## [WHAT THIS TASK INVOLVES]
Excluding every picture, print exactly the lines from the one containing "Disco Giants, Vol. 1 cover art" through the end of the material below, both ends included.

## [DATA FOR THIS EXERCISE]
════════════════════

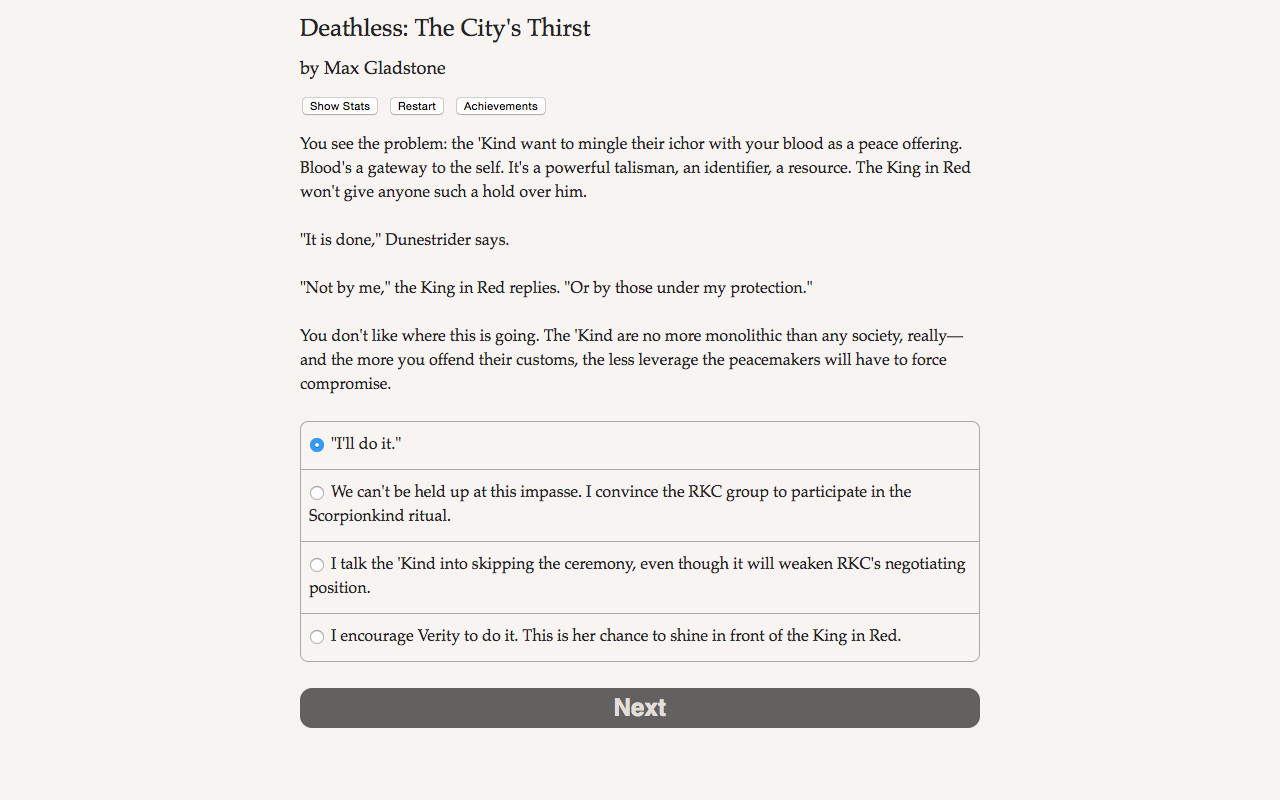 Deathless: The City's Thirst - кадр 3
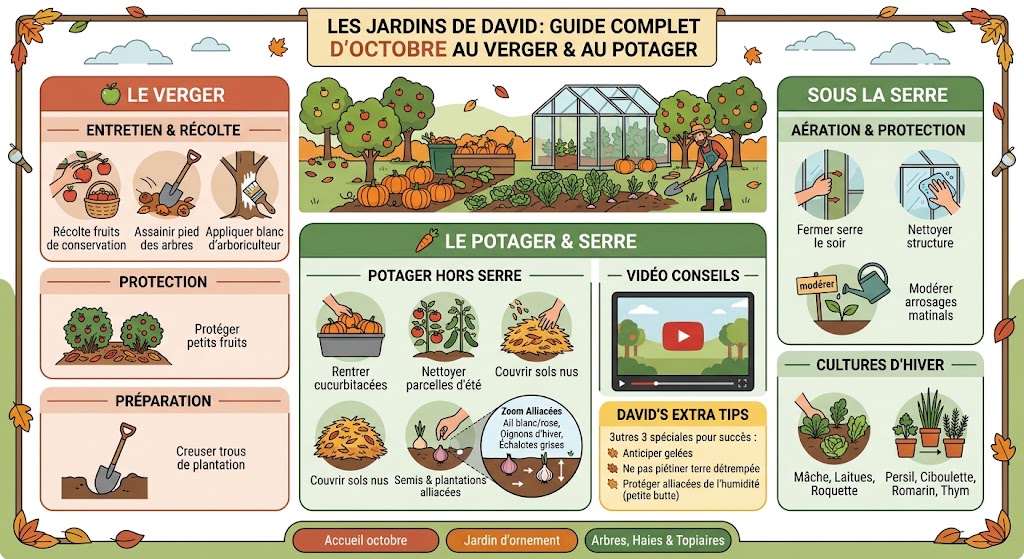 Les travaux du jardin en octobre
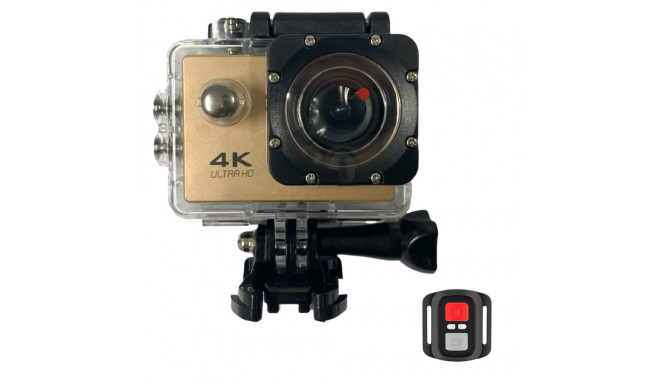 iWear K1 Ultra HD 4K 16Mpix Wi-Fi Sport Kaamera koos 2'' LCD Puldi & 8x Kinnituskomplekt Kuldne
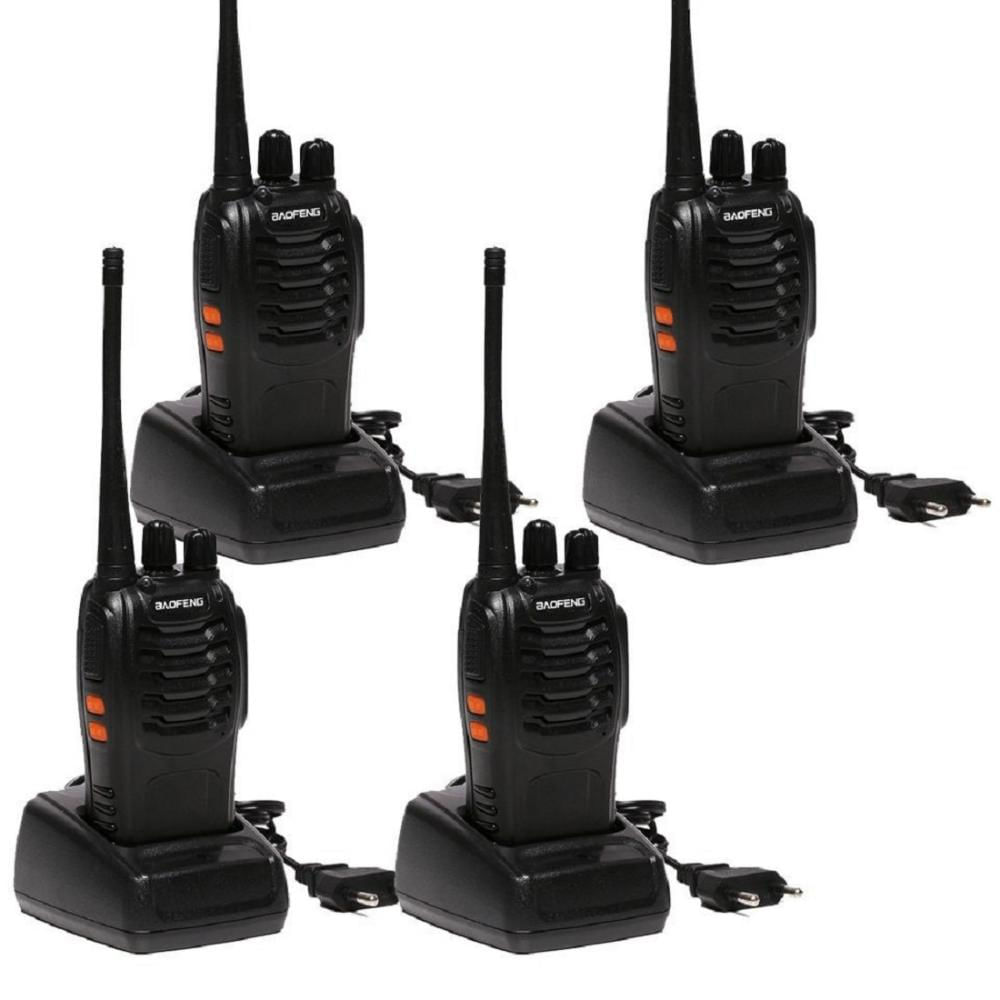Walkie Talkies Baofeng 888s Radio Telf 4 Unid 50km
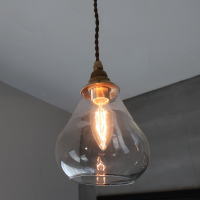 ガラスシェードランプ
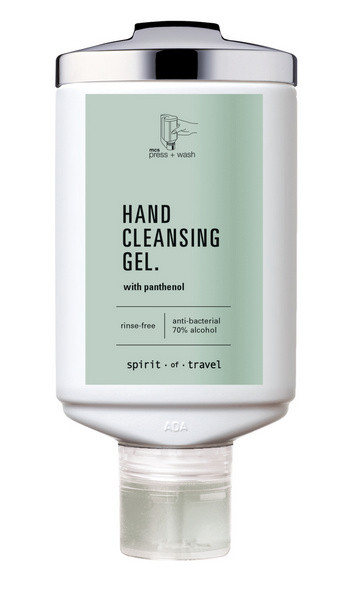 Handreinigungsgel, im Dosierflacon, press&amp;wash, 330ml, SPIRIT OF TRAVEL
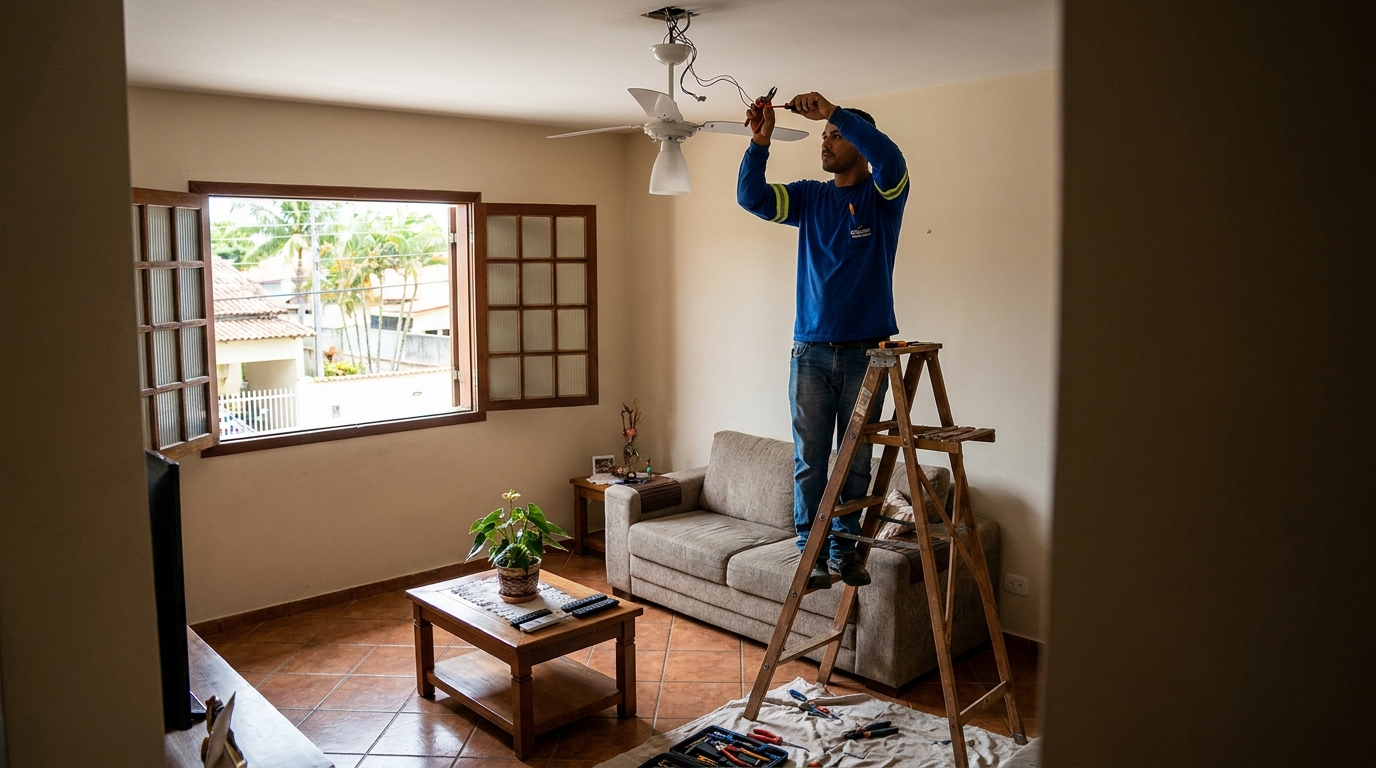 Instalação de Ventilador de Teto profissional Perto de Mim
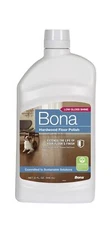 Bona Hardwood Floor Polish 32oz Low Gloss Safe for Unwaxed Wood Floors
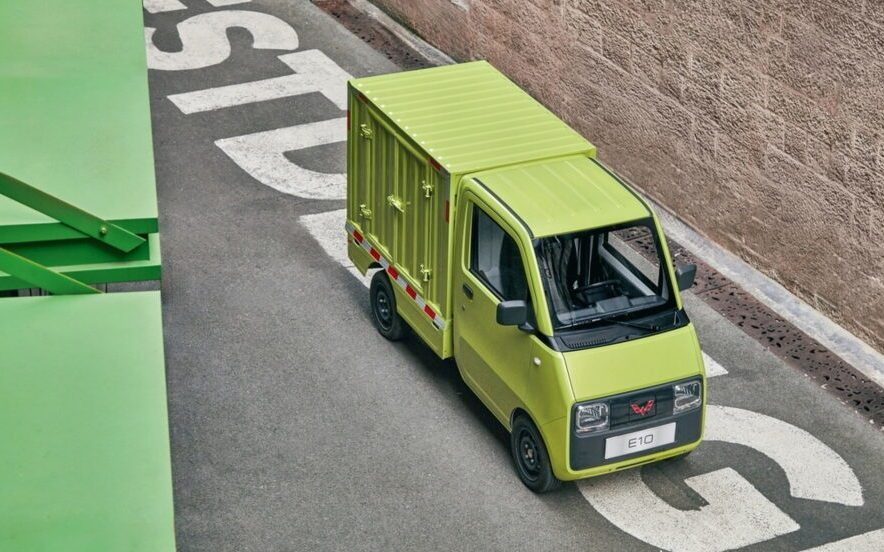 Wuling E10 parked on street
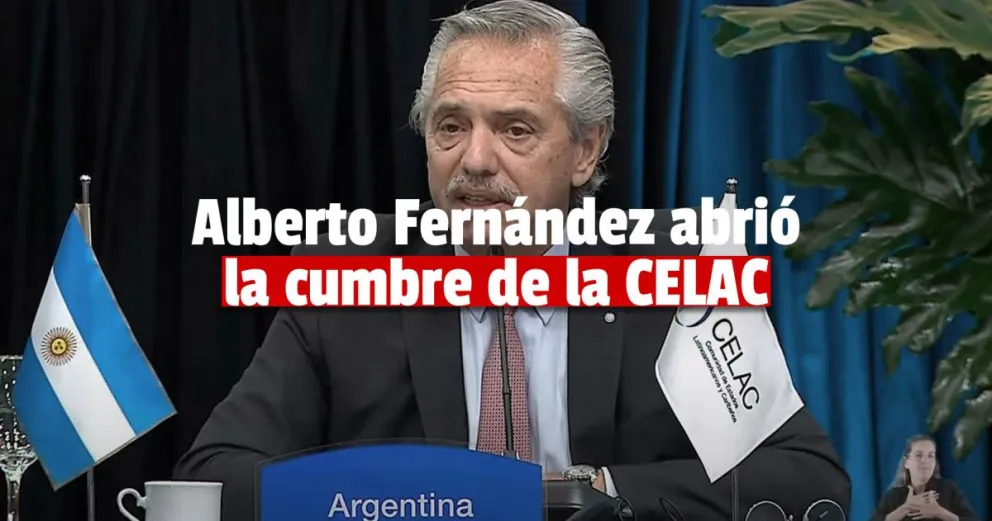 Sin Maduro, pero con la presencia de Lula, Alberto Fernández abre el foro de presidentes de la región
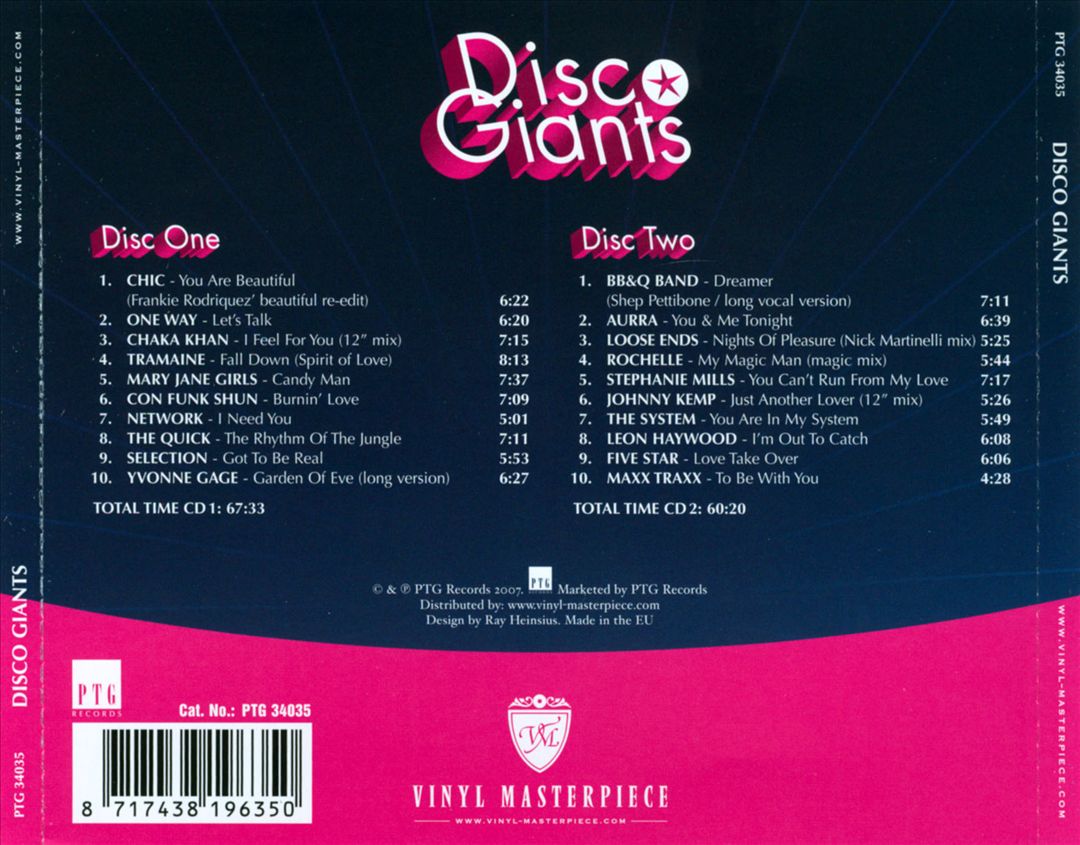 Disco Giants, Vol. 1 cover art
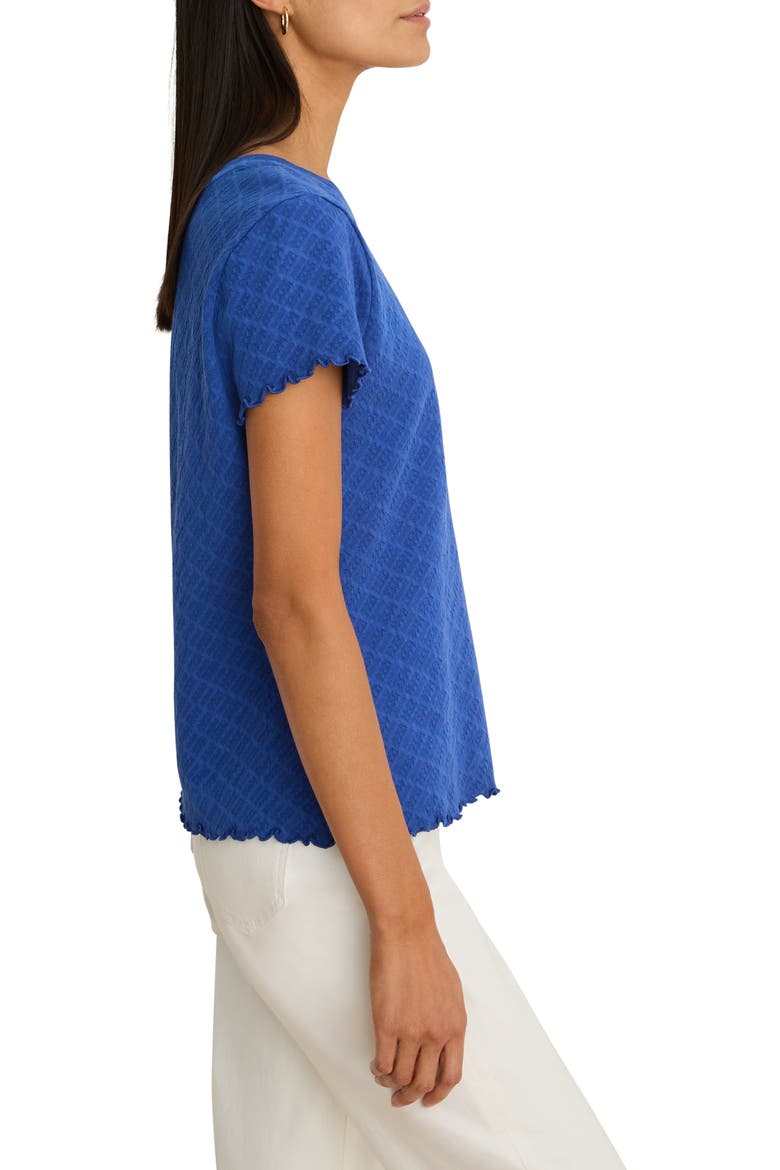 Cotton Lace T-Shirt, Alternate, color, NEPTUNE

════════════════════

## [RESPONSE BOX]
 Disco Giants, Vol. 1 cover art
 Cotton Lace T-Shirt, Alternate, color, NEPTUNE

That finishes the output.